The anxieties Who’s Afraid of Virginia Woolf depicts still apply to part of American culture, albeit one that’s now no longer a total majority and likewise seems, from the perspective of the socially liberal, a relic of older anxieties that were once more universal. What’s interesting is seeing how specific to the policed norms of a bygone era Woolf seems, while also considering how much those norms have moved towards the Right of a polarized country and still manage to exert control.
Watching Woolf, it’s easy to say, “people were worried about such different things back then” — contemporary love horror stories seem to focus more on the disconnected/gamified state of dating rather than the pressures of marriage. So it’s odd for a movie’s themes that now seem so disconnected from contemporary reality (or at least, the liberal mindset of contemporary reality) to still be threatening their governance over our reality. Watching Woolf, in which character action feels very propelled by era, and which — in its heightened, witticism-and-insult-heavy style — specifically attacks that era, one becomes aware of the total splitting of American realities since that time.
In recent years, ten states have made major strides in defunding Planned Parenthood, and 24 altogether are looking to do so, regardless of the fact that that may, according to the Obama administration, be in violation of federal law. Major parts of the campaigns of both previous campaigning candidate Ted Cruz and now (very waveringly) Donald Trump have involved antagonizing women’s reproductive rights. If postwar prosperity and the idea of retaliating against an era of mass tragedy by populating the world with babies is what led to the idealization of parenthood in the ’50s, the fervent protection of the nuclear family — and the idea that babies that don’t even exist yet are more important than the lives of women that do — has shifted over the years to have more strictly religious connotations and defenses.
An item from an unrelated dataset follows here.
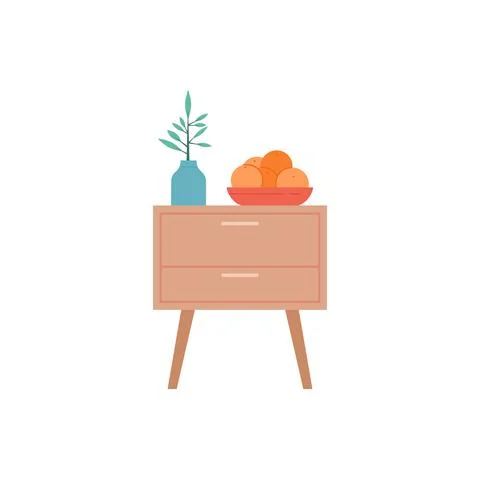 Isolated table room Stock Illustration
Though the general prizing of procreative norms has dwindled (thanks, overpopulation fears!), so has the need for separation of church and state in the Right’s eyes — and thus the intense pushes for both anti-abortion legislation and sanctity-of-marriage legislation. (DOMA may have been repealed, but Cruz certainly wanted to reinstate anti-gay-marriage laws, and Trump, as a manipulative panderer, has again wavered on issues of LGBT rights.)
The country now operates within separate realities — one where hetero nuclear familial norms are deeply internalized by religion, and one where they aren’t. As baby-booming and the protection of the sanctity of the nuclear family has shifted to become the norm only among the religious Right, the American Left still finds itself antagonized by that side of the country’s now-split consciousness. In Woolf, failing to live up to an overarching societal ideal is internalized by the film’s liberal-minded characters. Now, the antagonism still exists, but it’s coming externally. The film’s self-consciously sharp critique may feel a little duller in this day and age to the liberal audiences who’d likely watch it, but the fact that it does feel that way suggests that while these anxieties may not be as huge a part of our consciousness as to make this movie resonate as much, they’re now weighing on us from the other side of a vastly split national reality.
(Who’s Afraid of Virginia Woolf was released on Blu-Ray in May.)